Your plots should **always** be self-explanatory (including title and description). If somebody has to ask something about a plot, it probably means the plot can be improved.
___

### Prettifying plots
Let's go ahead and take the perspective of our audience. What is unclear in the above plot?

+ Not everybody knows that *setosa*, *virginica*, and *versicolor* refer to iris species, it would be good to add a title to our legend.
+ It's unclear what the $x$- and $y$-axis represent, we absolutely need to label them.
+ A scatter plot is nice, but what if multiple flowers have the same sepal and petal length? We can't really see how many flowers each dot represent. Perhaps we could use a bit of transparency to make this more readable. This is done using a parameter called `alpha`, where `alpha=1` means no transparency at all, and `alpha=0` means completely transparent. You can think of `alpha` as the opacity percentage.
+ The plot is a bit small, it would be nice to make it larger.
+ A title indicating what the plot is about is always good.

In [None]:
# Create a figure and axis, specify the figure size
fig, ax = plt.subplots(figsize=(8, 6))
# Add the scatter plot ONLY for the setosa flowers
ax.scatter(iris_setosa["sepal length (cm)"], iris_setosa["petal length (cm)"],
          color="blue", label="setosa", alpha=0.6)
# Add the scatter plot ONLY for the virginica flowers
ax.scatter(iris_virginica["sepal length (cm)"], iris_virginica["petal length (cm)"],
          color="green", label="virginica", alpha=0.6)
# Add the scatter plot ONLY for the versicolor flowers
ax.scatter(iris_versicolor["sepal length (cm)"], iris_versicolor["petal length (cm)"],
          color="purple", label="versicolor", alpha=0.6)
# Add the legend with an explicit title
ax.legend(title="Iris species")
# Add the x- and y-axes labels
ax.set_xlabel("Sepal length in cm")
ax.set_ylabel("Petal length in cm")
# Add a title to our plot
ax.set_title("Sepal and petal length for different iris species")

That's it. We have quite a nice plot which we could use in an analysis report or a presentation.
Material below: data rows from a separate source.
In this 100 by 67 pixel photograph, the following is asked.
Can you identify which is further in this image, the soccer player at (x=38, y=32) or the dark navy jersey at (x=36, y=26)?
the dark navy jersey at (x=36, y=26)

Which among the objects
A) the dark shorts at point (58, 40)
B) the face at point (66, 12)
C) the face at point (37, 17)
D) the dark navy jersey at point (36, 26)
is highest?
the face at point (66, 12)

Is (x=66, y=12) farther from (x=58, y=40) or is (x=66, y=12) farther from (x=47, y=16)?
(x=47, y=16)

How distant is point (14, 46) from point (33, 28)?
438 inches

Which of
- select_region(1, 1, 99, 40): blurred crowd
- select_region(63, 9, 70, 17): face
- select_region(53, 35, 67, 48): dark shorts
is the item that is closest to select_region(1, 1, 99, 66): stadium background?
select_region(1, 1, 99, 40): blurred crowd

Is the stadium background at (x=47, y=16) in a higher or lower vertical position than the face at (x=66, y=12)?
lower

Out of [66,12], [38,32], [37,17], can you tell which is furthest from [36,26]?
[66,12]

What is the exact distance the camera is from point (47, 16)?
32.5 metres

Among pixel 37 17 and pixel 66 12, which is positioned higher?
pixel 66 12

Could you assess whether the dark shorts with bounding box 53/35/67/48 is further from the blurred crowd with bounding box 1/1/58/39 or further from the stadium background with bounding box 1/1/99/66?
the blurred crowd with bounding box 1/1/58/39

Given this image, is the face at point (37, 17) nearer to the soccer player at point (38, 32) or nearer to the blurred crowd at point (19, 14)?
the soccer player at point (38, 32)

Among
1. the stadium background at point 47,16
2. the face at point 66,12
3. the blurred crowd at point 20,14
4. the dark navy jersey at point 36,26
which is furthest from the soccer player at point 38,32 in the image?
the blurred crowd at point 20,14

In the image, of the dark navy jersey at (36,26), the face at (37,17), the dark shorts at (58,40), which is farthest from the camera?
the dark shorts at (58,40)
Of course, as mentioned previously, `matplotlib` offers many more options which we can use to make this plot look even nicer. We will encounter a few of them in the class. For your project, it is a good idea to have a look at the [matplotlib gallery](https://matplotlib.org/stable/gallery/index.html) as it can provide useful inspiration for your own visualizations.

#### ➡️ ✏️ Task 2
To finish, let's also add a second axis to our plot with a histogram of the sepal width. However, we want to add these histograms using the same colors, labels, and opacity levels that we did for the scatter plot. Go ahead and complete the code below to finalize the visualization.

In [None]:
# Create a figure and axis, specify the figure size
fig, axs = plt.subplots(1, 2, figsize=(16, 6))
# Add the scatter plot ONLY for the setosa flowers
axs[0].scatter(iris_setosa["sepal length (cm)"], iris_setosa["petal length (cm)"],
          color="blue", label="setosa", alpha=0.6)
axs[1].hist(iris_setosa["sepal width (cm)"], color="blue", label="setosa", alpha=.6)
# Add the scatter plot ONLY for the virginica flowers
axs[0].scatter(iris_virginica["sepal length (cm)"], iris_virginica["petal length (cm)"],
          color="green", label="virginica", alpha=0.6)
# ... ➡️ ✏️ complete to add the histogram for the virginica species


# Add the scatter plot ONLY for the versicolor flowers
axs[0].scatter(iris_versicolor["sepal length (cm)"], iris_versicolor["petal length (cm)"],
          color="purple", label="versicolor", alpha=0.6)
# ... ➡️ ✏️ complete to add the histogram for the versicolor species


# Add the legend with an explicit title
axs[0].legend(title="Iris species")
axs[1].legend(title="Iris species")
# Add the x- and y-axes labels
axs[0].set_xlabel("Sepal length in cm")
axs[0].set_ylabel("Petal length in cm")
axs[1].set_xlabel("Sepal width in cm")
axs[1].set_ylabel("Count")
# Add a title to our plot
axs[0].set_title("Sepal and petal length for different iris species")
# ... ➡️ ✏️ complete to add the histogram title (choose a good title!)